▸ WHAT THE TASK ASKS: Only the lines from the one with "Ein Wappen zeigt" through the last line of the material below belong in the answer, copied exactly and without pictures.

▸ DATA TO PROCESS:
*** Begin section ***

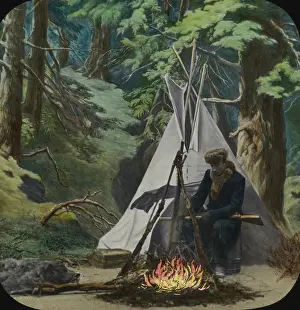 Wigwam: Young man sits by fire outside his teepee in the woods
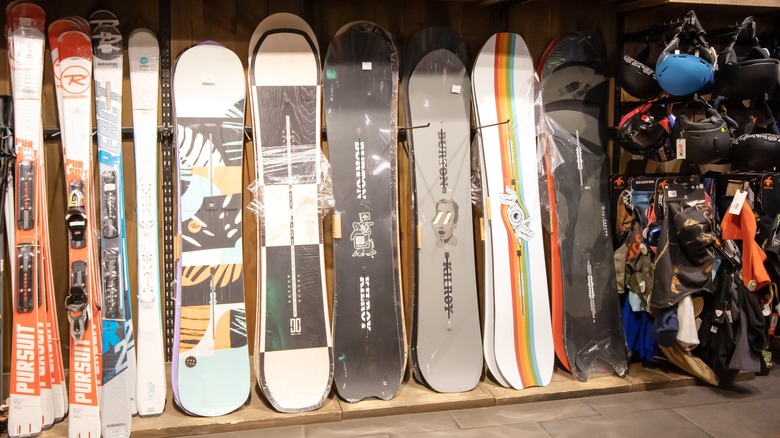 Snowboards lined up in shop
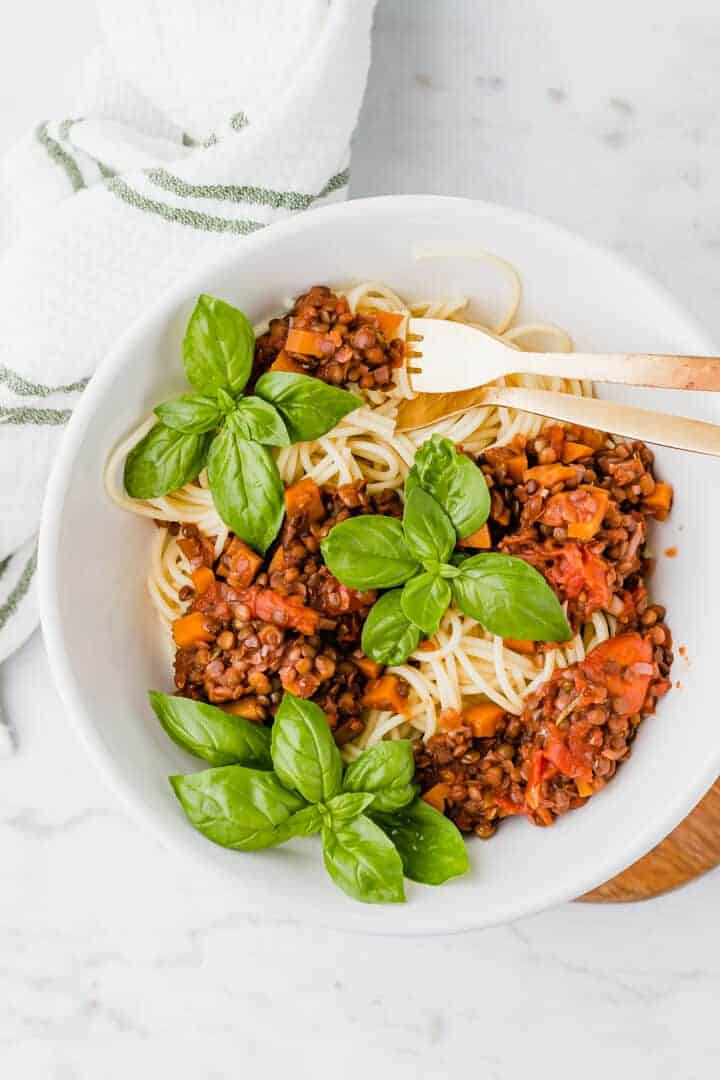 vegane spaghetti linsen bolognese mit frischem basilikum serviert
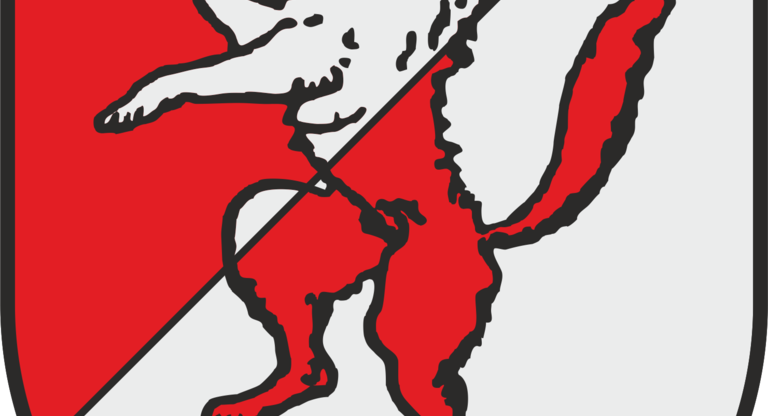 Ein Wappen zeigt einen weißen, aufrecht stehenden Wolf auf einem diagonal geteilten Hintergrund in Rot und Weiß.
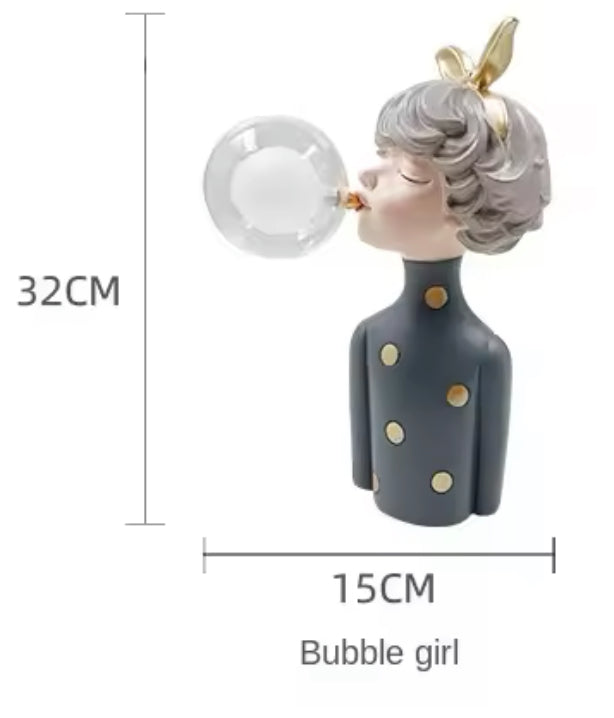 Lampe fille chewing-gum avec pull gris à pois dorés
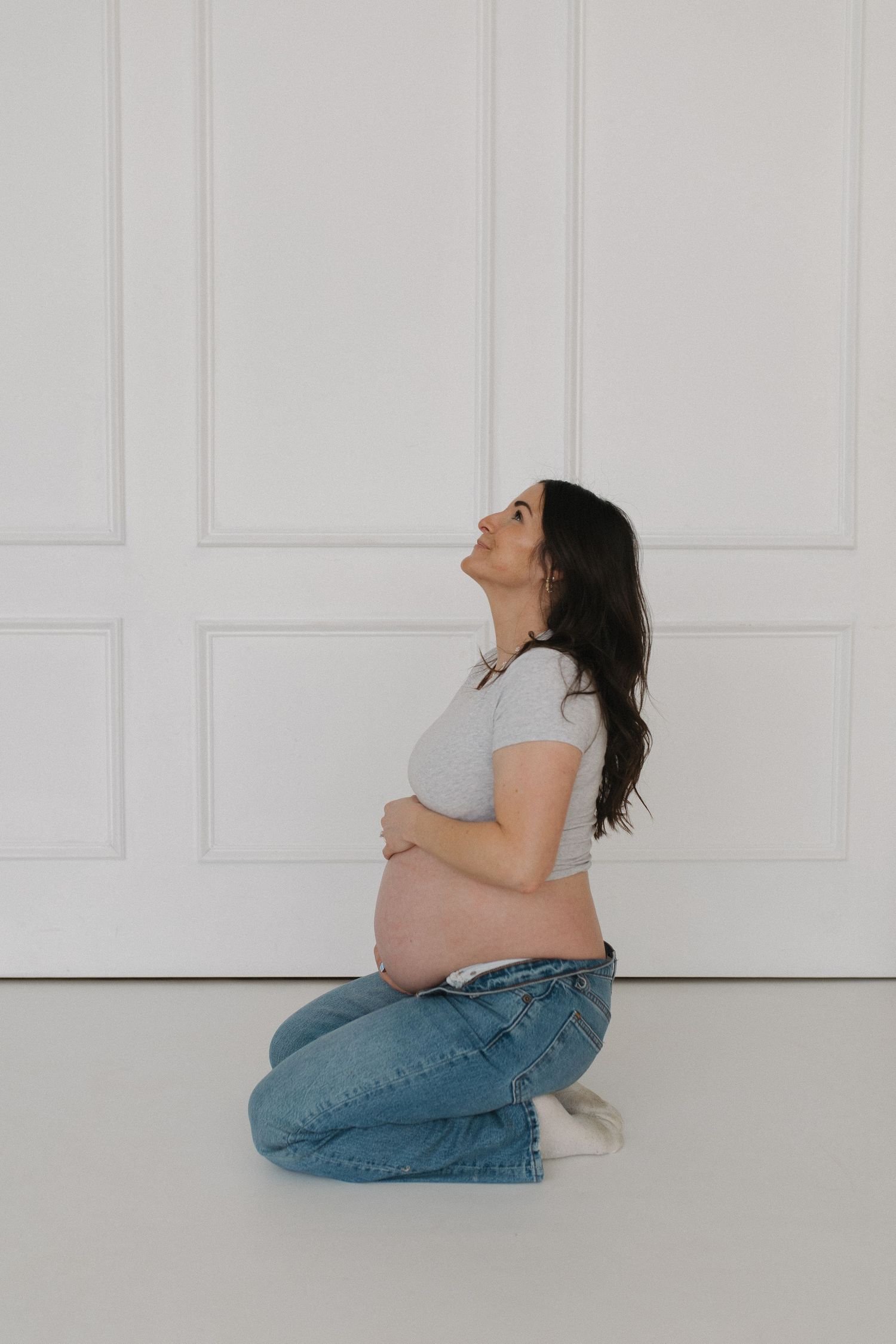 Side view of a pregnant person sitting against a white paneled wall.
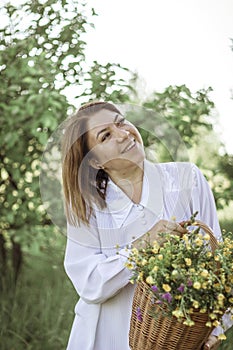 A girl in a white blouse holds a wicker basket with a bouquet of wild flowers. Summer walk in the field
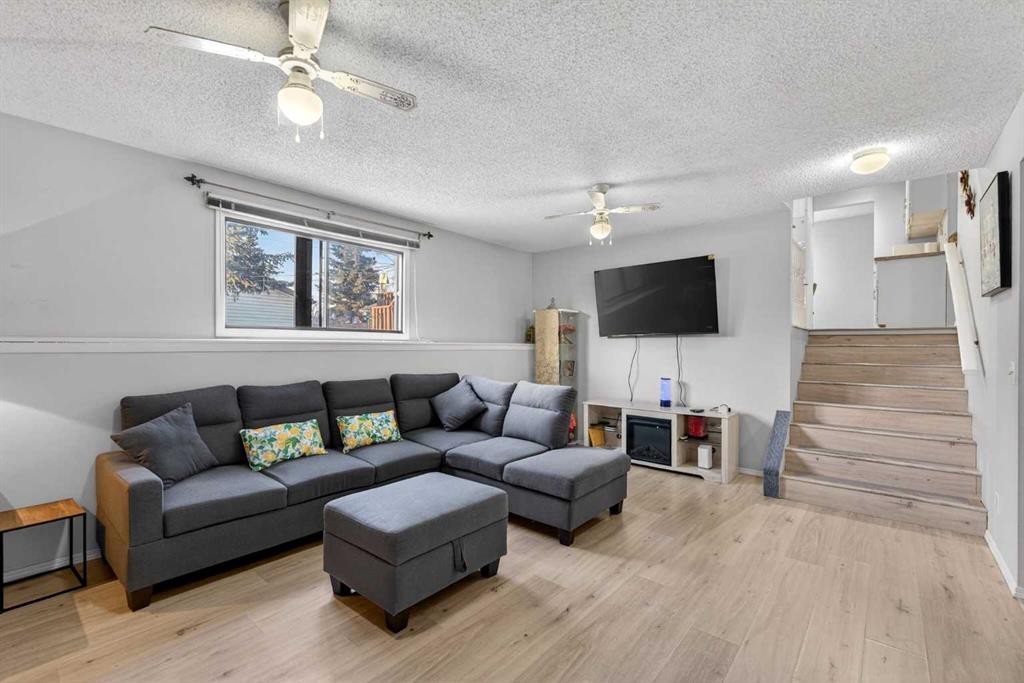 195 Fallswater Road Ne, Calgary, AB - Indoor Photo Showing Living Room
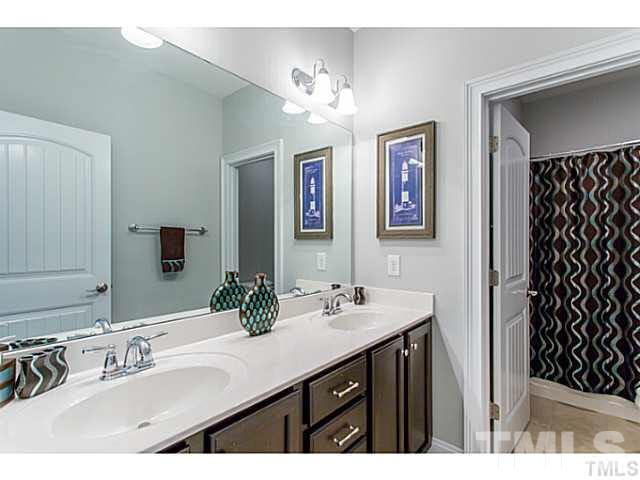 13028 Saxon Way Raleigh, NC 27613 - Photo 14 of 21 a bathroom with a double vanity sink and a mirror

*** End section ***

▸ ANSWER TO THIS PROBLEM:
 Ein Wappen zeigt einen weißen, aufrecht stehenden Wolf auf einem diagonal geteilten Hintergrund in Rot und Weiß.
 Lampe fille chewing-gum avec pull gris à pois dorés
 Side view of a pregnant person sitting against a white paneled wall.
 A girl in a white blouse holds a wicker basket with a bouquet of wild flowers. Summer walk in the field
 195 Fallswater Road Ne, Calgary, AB - Indoor Photo Showing Living Room
 13028 Saxon Way Raleigh, NC 27613 - Photo 14 of 21 a bathroom with a double vanity sink and a mirror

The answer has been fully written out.